Vergleichbares ist in Hamburg ja aber nie passiert. Haben Sie sich vor knapp zwei Jahren, als Sie einen sehr unglücklichen Saisonstart hatten, ungerecht behandelt gefühlt?

Drobny: Ich kann mit Kritik schon umgehen, aber am meisten ärgere ich mich nach einem Fehler über mich selbst. Ich könnte dann durchdrehen. Auch deswegen war es vielleicht für alle besser, als ich nach dem Spiel manchmal keine Interviews mehr gegeben habe.

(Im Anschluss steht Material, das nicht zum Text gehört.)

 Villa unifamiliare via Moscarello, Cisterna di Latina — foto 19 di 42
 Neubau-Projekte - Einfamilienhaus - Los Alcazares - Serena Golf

Seit René Adler als Nummer eins verpflichtet wurde, sind Sie ohnehin ein wenig aus dem Fokus verschwunden. War die Verpflichtung Adlers für Sie hart?

Drobny: Natürlich war ich am Anfang enttäuscht, das ist doch normal. Aber ich konnte mich dann gut mit der Situation arrangieren, weil Trainer Thorsten Fink immer mit offenen Karten gespielt hat. Er hat mir sehr ehrlich gesagt, was er denkt und wie meine Perspektive ist.

Ehrlichkeit kann manchmal schmerzen.

Drobny: Das stimmt. Und wenn ich noch 27 Jahre alt gewesen wäre, dann hätte es mir wahrscheinlich auch noch sehr viel mehr wehgetan. Aber ich bin jetzt 33 Jahre alt, da sollte man mit der Wahrheit umgehen können.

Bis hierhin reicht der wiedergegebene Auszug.